Or je n’ai pas arrêté, pendant deux heures, de me demander où était passé Gus Van Sant. Harvey Milk est un film d’une linéarité des plus banales et d’une mise en scène qui fait le minimum syndical, et encore. Ce film aurait pu être réalisé par n’importe qui, il n’innove en rien, n’apporte rien, se contente de montrer des faits. Manifestement, le réalisateur a décidé de s’effacer totalement, comme en témoigne la place de son nom sur l’affiche : c’est bien simple, on ne le voit pas, il est caché au milieu de l’affiche comme s’il était honteux. J’ai vu l’affiche plusieurs fois avant de repérer le nom du réalisateur, je pensais que Sean Penn était à la fois l’acteur principal et aux commandes. Cette affiche me semble donc très significative, à cet égard.
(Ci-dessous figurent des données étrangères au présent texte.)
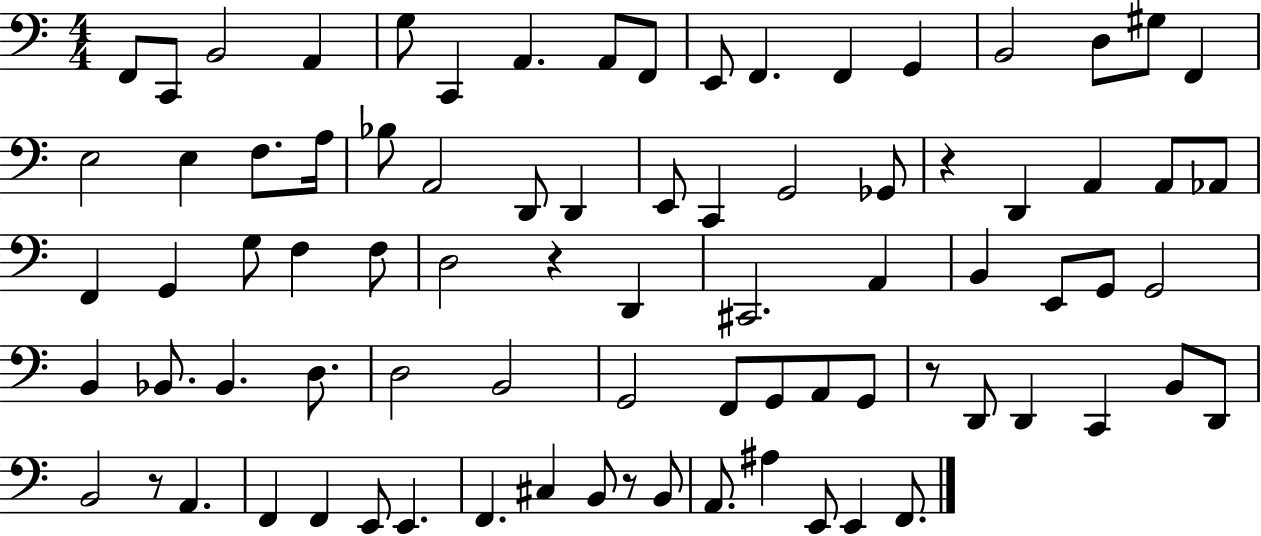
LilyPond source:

{
  \clef bass
  \numericTimeSignature
  \time 4/4
  \key c \major
  \repeat volta 2 { f,8 c,8 b,2 a,4 | g8 c,4 a,4. a,8 f,8 | e,8 f,4. f,4 g,4 | b,2 d8 gis8 f,4 | \break e2 e4 f8. a16 | bes8 a,2 d,8 d,4 | e,8 c,4 g,2 ges,8 | r4 d,4 a,4 a,8 aes,8 | \break f,4 g,4 g8 f4 f8 | d2 r4 d,4 | cis,2. a,4 | b,4 e,8 g,8 g,2 | \break b,4 bes,8. bes,4. d8. | d2 b,2 | g,2 f,8 g,8 a,8 g,8 | r8 d,8 d,4 c,4 b,8 d,8 | \break b,2 r8 a,4. | f,4 f,4 e,8 e,4. | f,4. cis4 b,8 r8 b,8 | a,8. ais4 e,8 e,4 f,8. | \break } \bar "|."
}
Du coup, le film a été un peu gâché par cette attente. J’ai été le voir avec une amie qui a beaucoup aimé et a pris le film quasiment pour un documentaire. Ça n’est pas bête comme façon de voir les choses, mais j’en ai été tout bonnement incapable. J’ai vu un biopic à la réalisation sans véritable intérêt, un film très politique et très engagé ce qui est aussi nouveau pour le réalisateur. J’ai aussi vu un film qui se réfugie derrière les images d’archives, comme s’il n’assumait pas son propos. En général, ça ne me plait pas tellement quand un film commence en nous expliquant que tout ce qui suit est vrai, ou en se terminant en racontant ce qui s’est passé ensuite. Mais ça, encore, cela passe (surtout pour le message final, après tout, le film se termine). Par contre, je n’aime pas du tout quand un cinéaste se protège par des images d’archives : c’est flagrant ici lors de la scène finale (ou quasi finale) qui présente la marche silencieuse organisée après la mort de Harvey Milk. Ils sont très nombreux, comme on le voit très bien, mais le réalisateur, peut-être pendant qu’on n’allait pas le croire, passe ensuite à des images d’archives qui montrent… ben la même chose.

Reste le fond, et il est vrai qu’il n’est pas inintéressant. Personnellement, je ne connaissais pas Harvey Milk (C’est bien la peine d’étudier les États-Unis en cours tiens…) et j’en ai appris beaucoup. Le film est, sur ce point, très efficace, on suit très bien ce qui se passe, qui fait quoi, qui pense quoi, bref, c’est bien fichu. Les acteurs sont tous très bons, Sean Penn fait un Harvey Milk convaincant et Josh Brolin est très bien en opposant irlandais catholique troublé, rien à dire. Par ailleurs, il est vrai que le film évite un ton trop didactique et reste assez léger sur le mélo, à quelques rares exceptions près, donc un bon point pour ça aussi. Et le héros conserve une part d’ambiguïté (par exemple, le fait que tous les amants le quittent ou se suicident) bienvenue, même si pas vraiment exploitée.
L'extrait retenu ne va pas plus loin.